Principle
Figure: Immobilisation diagram
Immobilisation is a technical approach whereby the chemical and physical properties of polluted materials are changed in order to establish the pollutants in those materials. Immobilisation is a treatment whereby polluted substances are established in a stable structure, for example, via the presence of insoluble products after a chemical reaction, or by capturing a polluted substance in a water-tight, inert polymer. The aim of the immobilisation process is to establish polluted components in waste products so that they will no longer form a threat to the environment over the long term. This makes it possible to (in the best case scenario) effectively implement the immobilised product as, for example, building material or (in the worst case scenario) to dispose of it in a safe manner.
Techniques based on the addition of organic or inorganic binding-substances: Establishment takes place by dosing organic or inorganic binding-substances which alter the structure of the soil so that it becomes impossible for pollutants to be transported through the soil. Inorganic binding-substances (cement, pozzolanes, flue dust) are mainly implemented to encapsulate the pollutant in a difficult to permeate matrix. Additives (clay, zeolite or water glass) are often added to effect additional physical/chemical binding. Organic binding-substances (bitumen, thermo-hardeners) are mainly used to ensure physical encapsulation.
When using vitrification, the mineral soil matrix (mostly silicates) is melted. The pollutants will be inclosed in the soil matrix when this cools down and consolidates (stollen).

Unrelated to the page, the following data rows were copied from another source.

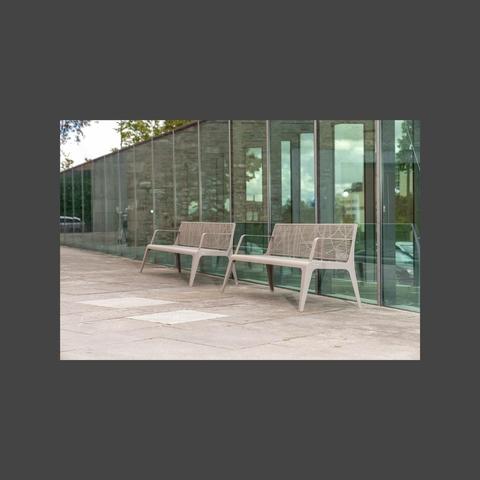 Sitzbank Chalidor 800 mit Armlehne (Foto: BENKERT BÄNKE)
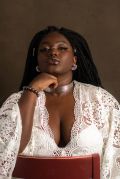 Carla Akotirene, doutora em Estudos Feministas pela Universidade Federal da Bahia (UFBA) e autora de obras sobre feminismos negros e interseccionalidade.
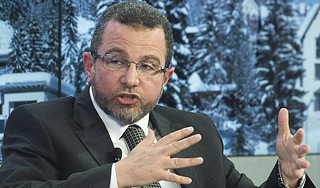 В центре Каира напали на премьера Египта В центре Каира напали на премьера Египта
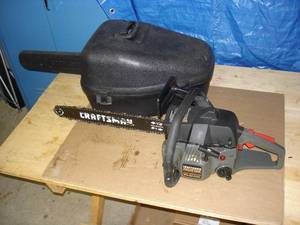 lot 50 image: CRAFTSMAN(POULAN) CHAIN SAW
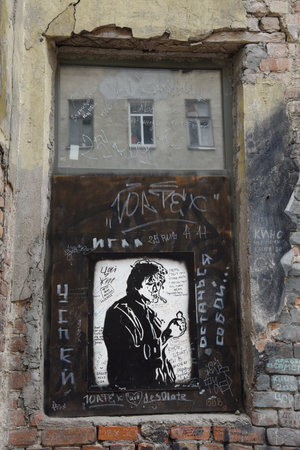 The courtyard of the house where Viktor Tsoi worked. - Soviet rock singer and composer. The place is called Kamchatka and is a place of worship for fans of the Kino group.のeditorial素材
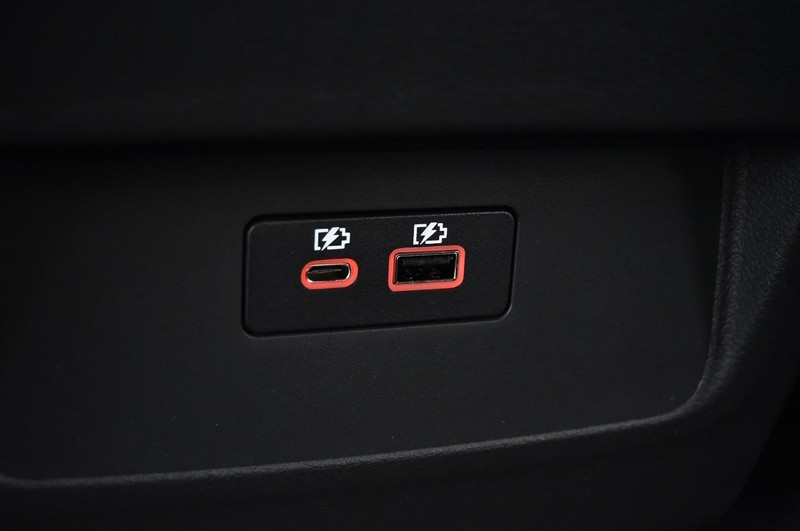 Nissan Frontier Vehicle Full-screen Gallery Image 25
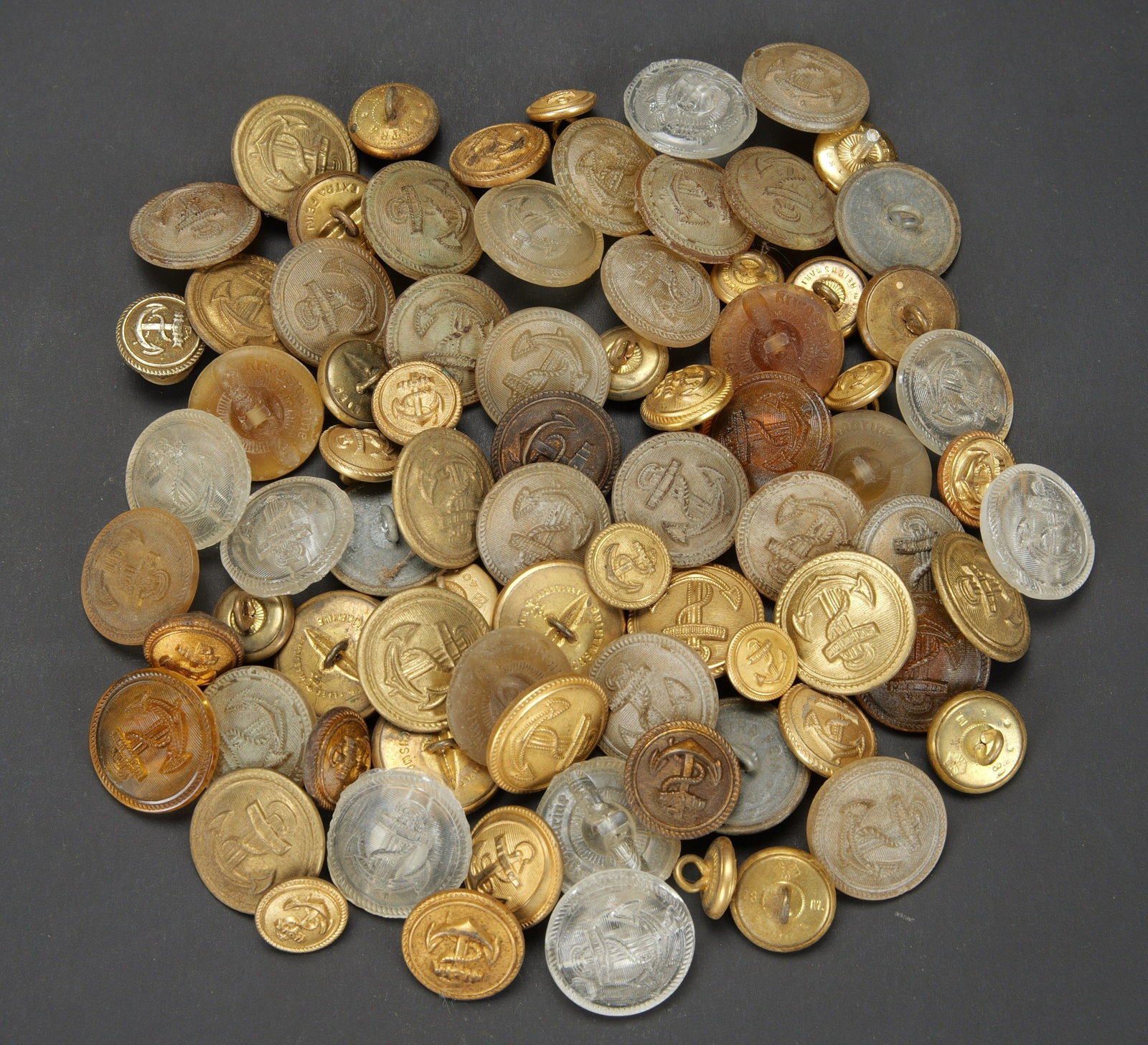 Boutons de la Kriegsmarine. Kriegsmarine buttons.: Boutons de la Kriegsmarine. 80 boutons en metal et verres. Divers modeles. A noter une certaine usure et patine des pieces. Etat II+. Kriegsmarine buttons. Lot of 80 metal and glass buttons. Various p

Implementation area and implementation conditions
Infiltration of hardening substances is mainly suited to the immobilisation of inorganic compounds. There is significantly less effectiveness in volatile organic compounds. Details relating to the level of pollutants, particle dispersion, pH, organic substance content (max. 5 to 10 %), composition of inorganic compounds (inc. metals and sulphates) must be known in advance. Leaching tests on mobilised testing materials will eventually determine the composition of the additive for immobilisation. Tests showed that when cement was used as a binding instrument, it correctly increased the mobility of lead, arsenic and complex cyanides, rather than decreasing it.

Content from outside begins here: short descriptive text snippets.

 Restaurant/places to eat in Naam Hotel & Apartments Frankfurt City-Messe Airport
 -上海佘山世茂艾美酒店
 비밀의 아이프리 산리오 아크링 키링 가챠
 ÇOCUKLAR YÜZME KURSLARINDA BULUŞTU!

Vitrification can be implemented in all types of soil pollution, irrespective of the soil type and the pollutant, though is not widely (2006) implemented due to the high cost price. Debris-like materials must be removed from the soil wherever possible (to at least 20%). Inflammable compounds can only be present up to a maximum weight percentage of between 5 to 10%. A minimum sodium and potassium content of 1.4% must be present.

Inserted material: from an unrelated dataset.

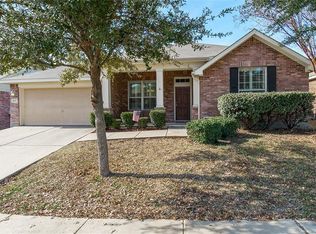 8237 Lauren Way, Watauga, TX 76148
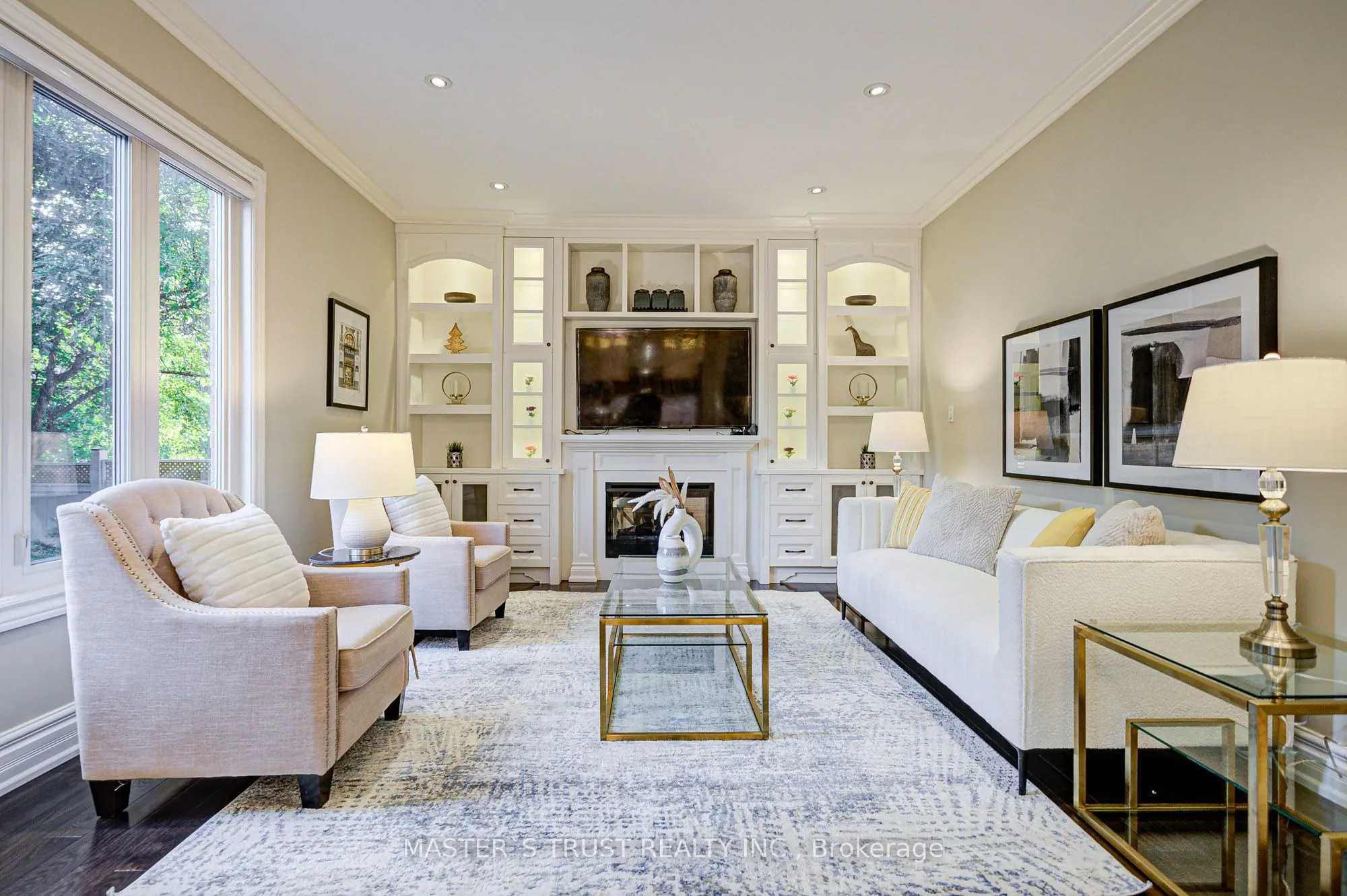 2 Lytton Boulevard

Practical tests have shown that a leaching reduction of more than 95% can be attained via thermal and physical-chemical immobilisation techniques. The long-term impact of natural erosion processes such as rainwater, ground-water composition and flow, cannot be fully determined via laboratory testing. Thus, the implementation of immobilisation techniques contains an undetermined future risk.
Costs
The table below contains the general costs for the stated techniques.
Table: Immobilisation costs
|
Implementation type |
Specifications material/implementation format |
Costs (exc. VAT) |
|
Immobilisation |
Mix with binding instruments |
€ 90/ton |
Environmental burden and measures to be implemented
When implementing binding instruments, the increase in the volume of the pollutant can be regarded as a disadvantage. In test projects, volume increase of 8.5% and density increase of 21% has been reported. Considering that the process is predominantly carried out in the open air, there may be air emissions of volatile polluted substances, fine particles and aerosols. When cleaning equipment, the wash water must be contained prior to treatment.